On February 13, 2016, Justice Antonin Scalia, the anchor of the Court’s conservative wing for nearly three decades, passed away. He leaves behind a distinguished legal career that involved experience in wide range of roles. After graduating from Harvard Law School, Justice Scalia entered private practice and then became a law professor at the University of Virginia. He served in the Nixon and Ford administrations, eventually becoming Assistant Attorney General. Scalia then began his judicial ascension when President Ronald Reagan nominated him to the United States Court of Appeals for the District of Columbia Circuit. Soon thereafter, Reagan nominated Scalia to the Supreme Court to replace Justice William Rehnquist, whom Reagan had named to the Chief Justice position. Scalia was unanimously confirmed.

No matter what one’s politics, one must acknowledge Scalia’s indelible impact on the Court. His pithy dissents were often scathing indictments, and his theories on originalism and textualism may be two of the most important legal ideologies of our era. And while Justice Scalia may be best remembered for his insights on federalism, abortion, and affirmative action, labor and employment practitioners will continue to borrow from his employment-related jurisprudence for years to come.

Justice Scalia’s 5-4 opinion in Wal-Mart v. Dukes clarified Rule 23’s “commonality” requirement for class action certification and instructed courts to perform a “rigorous analysis” of the plaintiffs’ compliance with the Rule. Similarly, his 5-4 opinion in AT&T Mobility v. Concepcion interpreting the Federal Arbitration Act limited the states’ abilities to create rules prohibiting class action waivers, and paved the way for employers to insert class action waivers into their arbitration agreements as a common practice. He left an impact on discrimination law as well: in Oncale v. Sundowner Offshore Services, Inc. for instance, Justice Scalia wrote for a unanimous Court in concluding that Title VII’s protections on the basis of sex applied equally to same-sex harassment.

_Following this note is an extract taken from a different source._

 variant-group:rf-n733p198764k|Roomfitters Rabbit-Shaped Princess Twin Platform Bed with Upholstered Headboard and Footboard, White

Unless the Court tables its cases until a new justice is confirmed, Justice Scalia’s passing will immediately impact several employment-related cases pending before the Court. One such case is Friedrichs v. California Teachers Association et al. from the Ninth Circuit, which observers had predicted the Court would vote to reverse by a 5-4 margin to find that mandatory union fees for public employees are unconstitutional. With Justice Scalia’s absence, the case may result in a 4-4 tie, in which case the Ninth Circuit’s ruling in favor of the union would stand. Likewise, Justice Scalia’s absence may disrupt the outcome in Tyson Food Inc. v. Bouapheko et. al., in which the Court will decide whether the Eighth Circuit’s ruling upholding certification of a class of employees who worked vastly different hours was erroneous and whether it will overturn or limit the Mt. Clemons representative testimony doctrine.

With Justice Scalia’s passing, the Court lost a commanding and influential voice on a wide range of issues; employment law was no exception. Only time will tell how the post-Scalia Court will interpret or modify the legacy he left.